From Friday to Sunday I attended a Philosophy conference on the

Foundations for Ockham’s Razor . Fellow bloggers Deborah Mayo (a.k.a. the

frequentist in exile) and Cosma Shalizi The conference is organized by Kevin Kelly.

Here is a conference photo (due to B. Kliban):

Cosma and Deborah are giving blow by blow details on their blogs. I’ll just make a few general comments.

The idea of the workshop is to bring together philosophers, statisticians, computer scientists, mathematicians etc to talk about

one of the “principles” that comes up in statistics (and more generally in science), namely, simplicity. In particular, we were

there to discuss the principle called Ockham’s razor.

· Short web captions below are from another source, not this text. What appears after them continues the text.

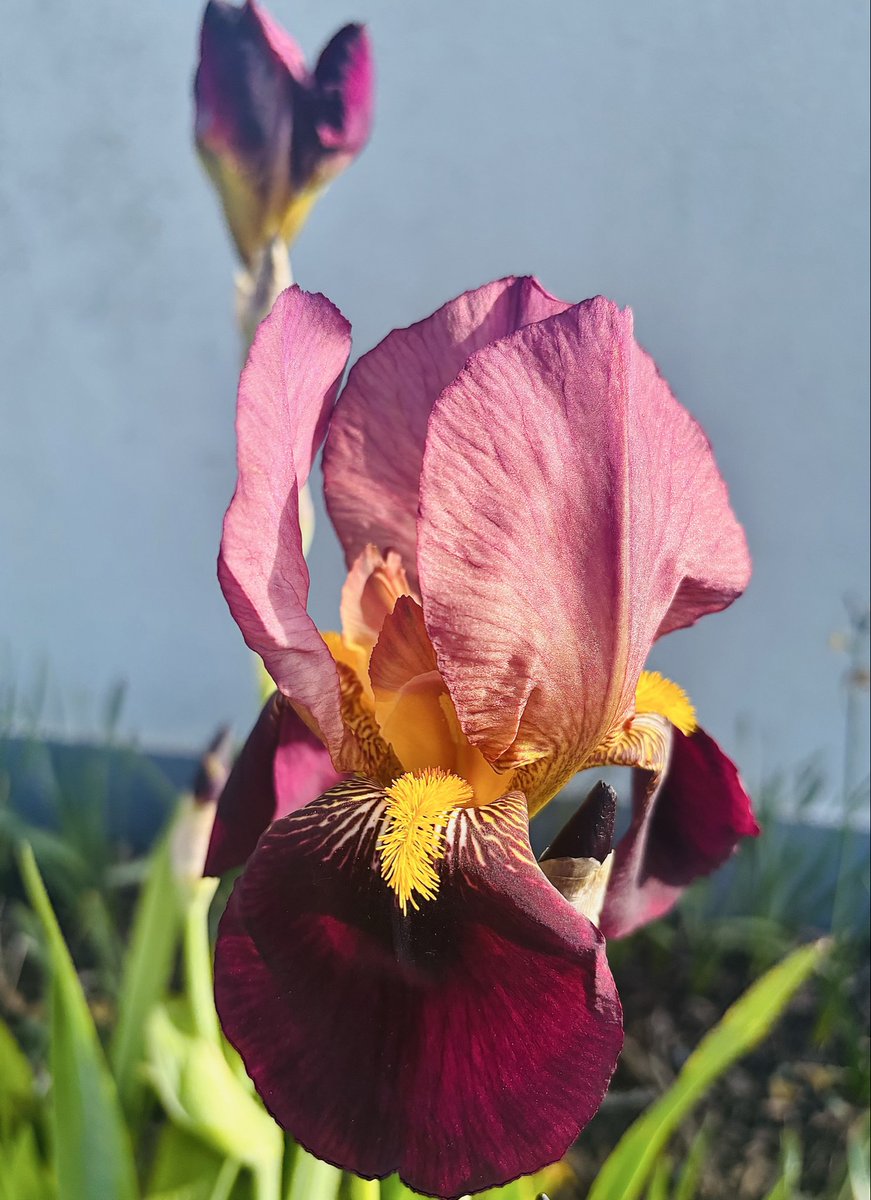 begingarden's tweet photo. Bearded Iris #gardening #gardeningx #gardenersworld #beardediris #inmygarden https://t.co/N3Dx36kXap
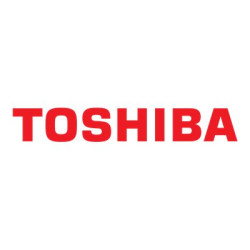 Toshiba N300 NAS - Disco duro - 18TB - interno - 3.5" - SATA | APLIUM
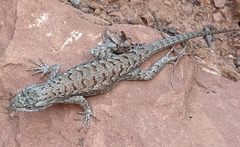Sceloporus tristichus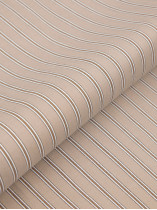 Chemise Rayée Beige Grande Taille - Capelstore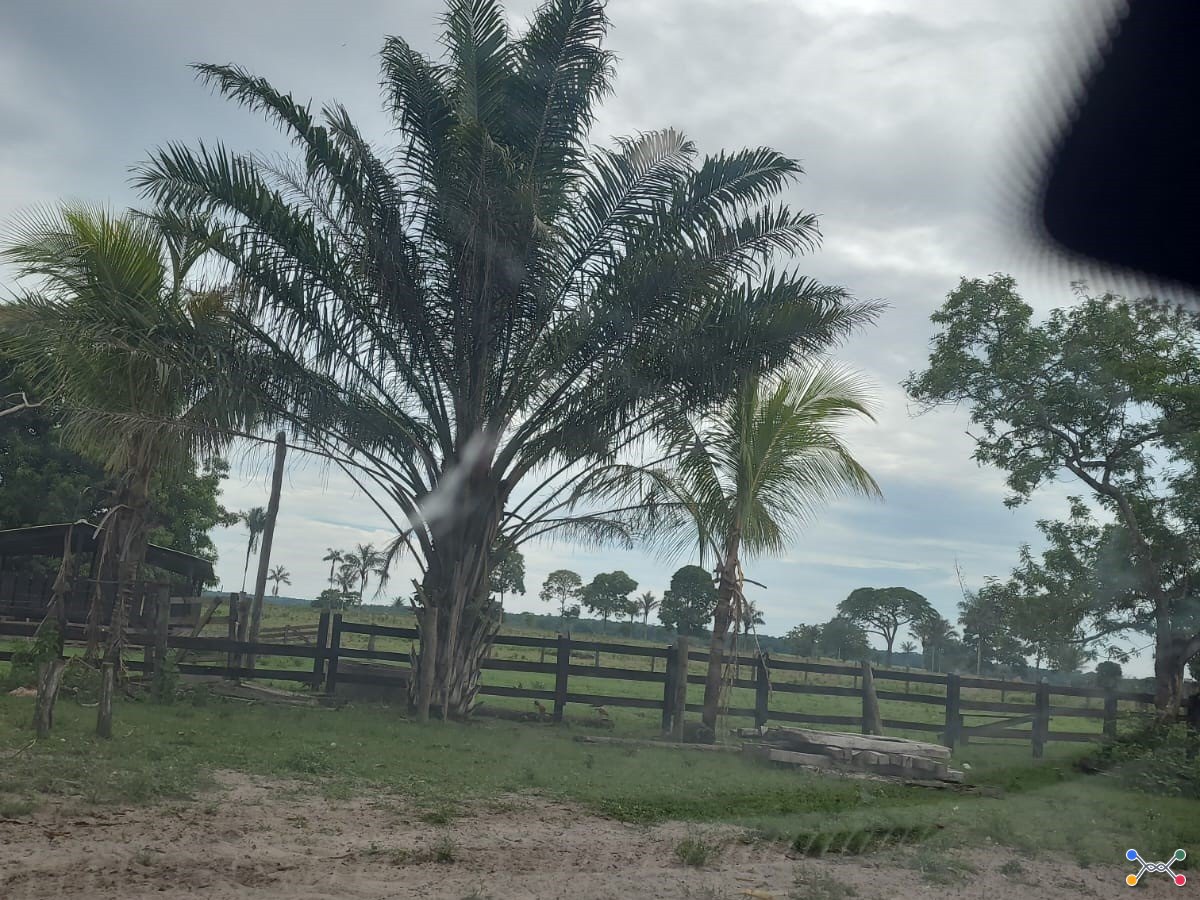 Imóvel rural — aproximadamente 72 ha — Nova Mamoré/RO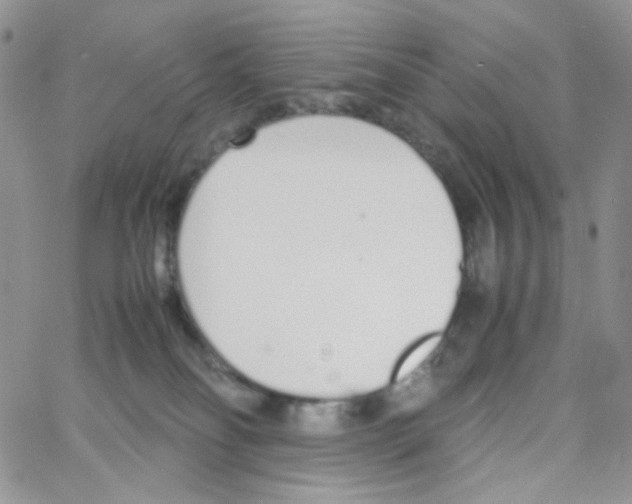 X0000064730134200603131303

There was plenty of agreement (at least at this workshop) that nature

can be very complex and yet it is still useful (in many cases) to bias

statistical procedures towards simpler models. Making this precise

usually involves invoking measures of complexity such as: VC

dimension, covering numbers, Rademacher complexity, effective degrees

of freedom and so on. And there are many methods for choosing the

degree of complexity, including: AIC, BIC, cross-validation,

structural risk minimization, Bayesian methods, etc. Nevertheless,

providing a philosophical foundation for all this can be challenging.

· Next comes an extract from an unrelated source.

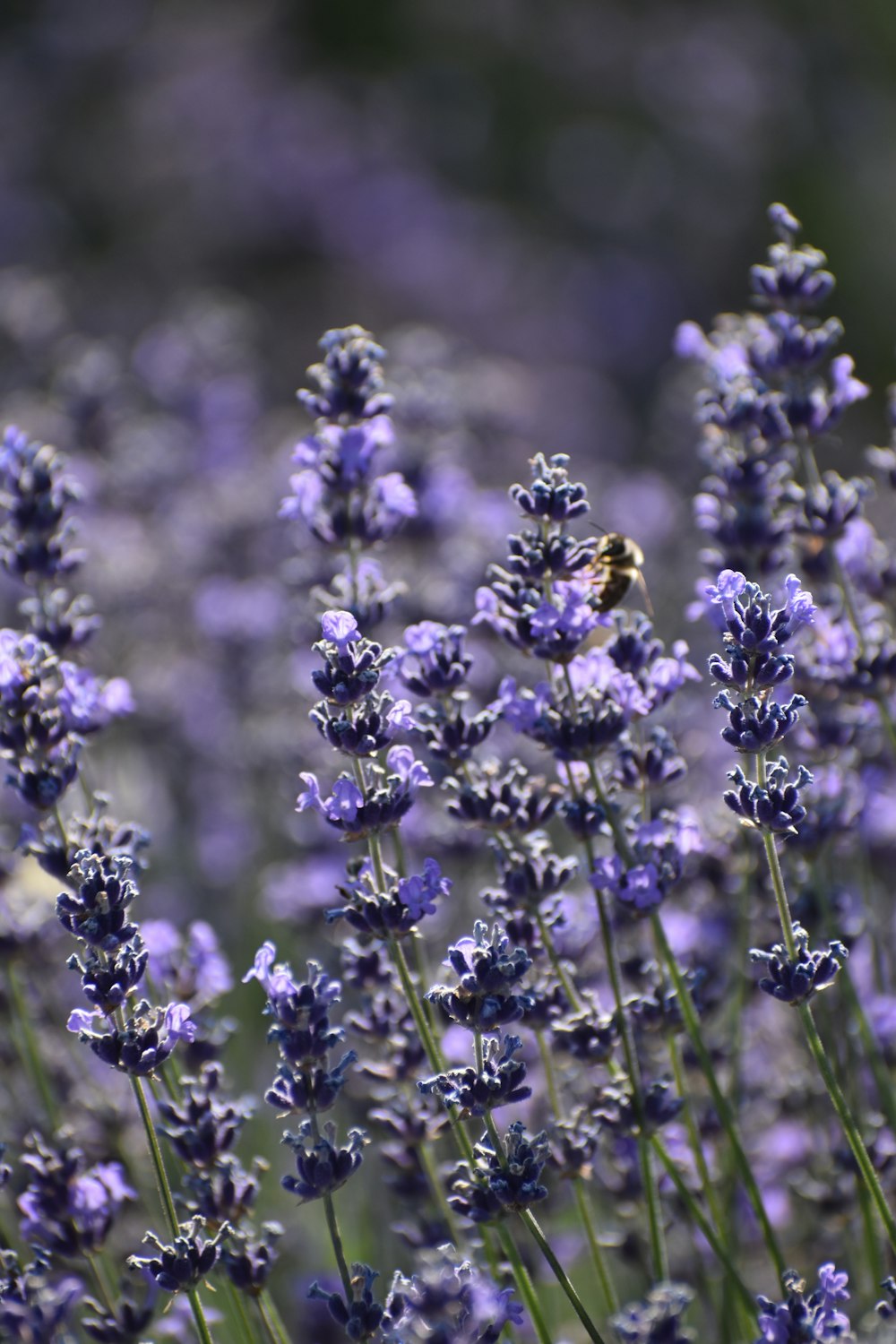 a close up of a flower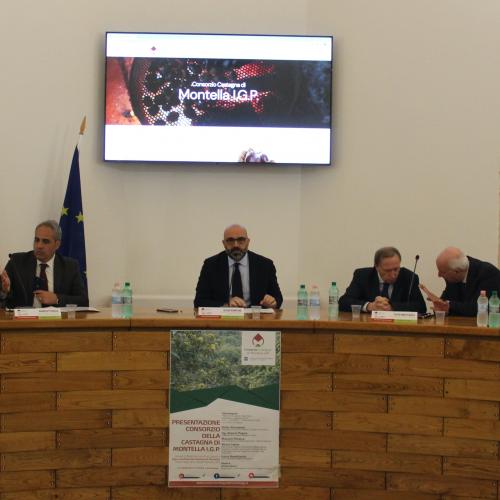 Consorzio Castagna Montella IGP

Here is a brief summary of the talks. (The full lectures will be

posted online.)

The conference began with a talk by Vladimir

Vapnik. It is hard to overstate Professor Vapnik’s influence in

machine learning and statistics. His fundamental work on uniform laws

of large numbers, as well as support vector machines and

kernelization, is legendary. He talked about an extension of support

vector machines but there were also hints of eastern mysticism and poetry. Next

was Vladimir Cherkassky. (This was the “Russians named Vladimir”

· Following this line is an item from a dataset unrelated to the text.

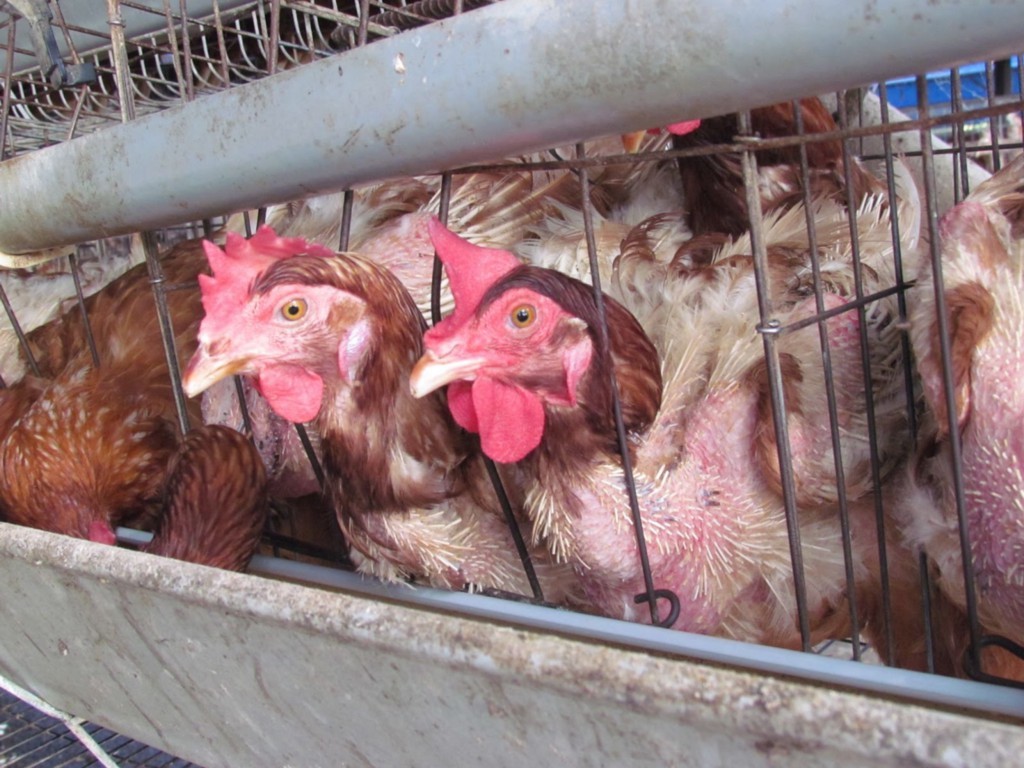 台灣動物社會研究會 為母雞發聲 | 華視新聞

session.) He also talked about VC-based ideas.

Peter Grunwald was next. Since Peter is a statistician (as well as a computer

scientist) I found his talk easier to understand. He talked about

probability-free inference (i.e. uniform over all data sequences).

These are procedures that work well if your hypothesized model (or

prior) is right. But they still have guarantees if your model is

wrong. In fact, they satisfy guarantees even if the data are not

generated by any stochastic mechanism. (I’ll blog about this type of

inference in detail at some point.)

My talk was on examples where standard tuning parameter methods

like cross-validation fail, because they choose overly complex models.

My claim was that, in many cases, we sill don’t have provably good methods

of choosing models with the right degree of complexity.

(Density estimation when the support of the distributions is

concentrated near a low dimensional manifold is an example.)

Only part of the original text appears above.